The Panchayati Raj form of local self-government, India’s traditional form of local governance, has been dubbed the greatest experiment of democracy ever, with no close second anywhere in the world.
The figures are quite mind-boggling. There are over 2,50,000 gram panchayats at the village level, about 15,000-18,000 Taluka Parishad Samitis at the intermediate level and about 600 Zila Parishads at the district level.
Alongwith Nagarpalika members, the number of persons elected toall tiers of all local self-government bodies would be about 36 lakh, which is more than the population of Norway.
Meet Uma Sao. Demure and shy, there is no mistaking the steely resolve in her eyes. A 36-year-old mother of two and a member of the Scheduled Caste community of Telis, she is the sarpanch from Seher, a backward village in Chattisgarh’s Raigad district, about 250 km from Raipur.
“Reserving one-third of the total seats in local government bodies has been a boon for us,” she says. “The men in the villages are given to petty quarrels and while away their time without doing anything substantial. But now when we women deliberate, it is with a sincerity of purpose and with a commitment to perform.”

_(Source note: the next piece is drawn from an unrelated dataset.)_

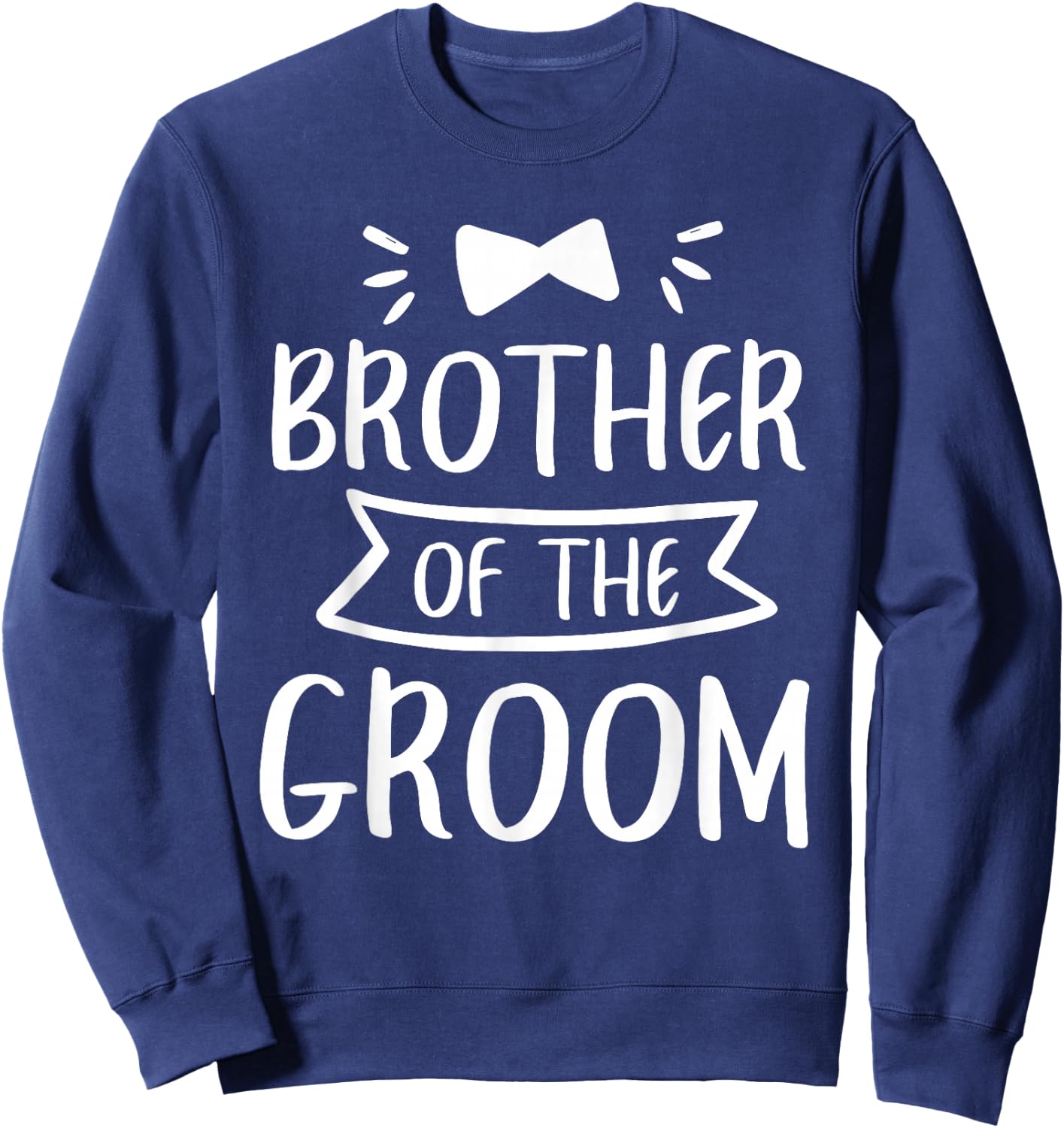 Brother Of The Groom Wedding Bachelor Party Sweatshirt - Sweatshirt | Navy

Geeta Devi, sarpanch of Baiyapur Khurd village near Haryana’s Sonepat, was recently part of a women’s delegation to meet President Pratibha Patil. “My joy knew no bounds when I got selected to be a part of the delegation. Even an illiterate woman like me can rise if there is sincerity of purpose and sense of selfless dedication,” she says.
There is, however, no paucity of problems and resistance to the ascendancy of women to positions of political power. There is also a criticism that women panchayat members turn puppets in the hands of their husbands and other male members.
“Even before seats were reserved for women, a lot of doubts were voiced and in a body no lesser than the Parliament where someone asked ‘where would one million women come from to occupy these positions?’ Problems will be there but without reservation, things would have continued as in the past,” says Baviskar.
“What does a man do? He just goes to office or works in the fields. A woman does work both inside and outside the house. I doubt if my husband can work like I do,” says Devi keeping a plate of sweetmeats on the table.
“Please have some. They are in celebration of the passage of the Women's reservation bill in Rajya Sabha. You might not get it again if we fail in the Lok Sabha.”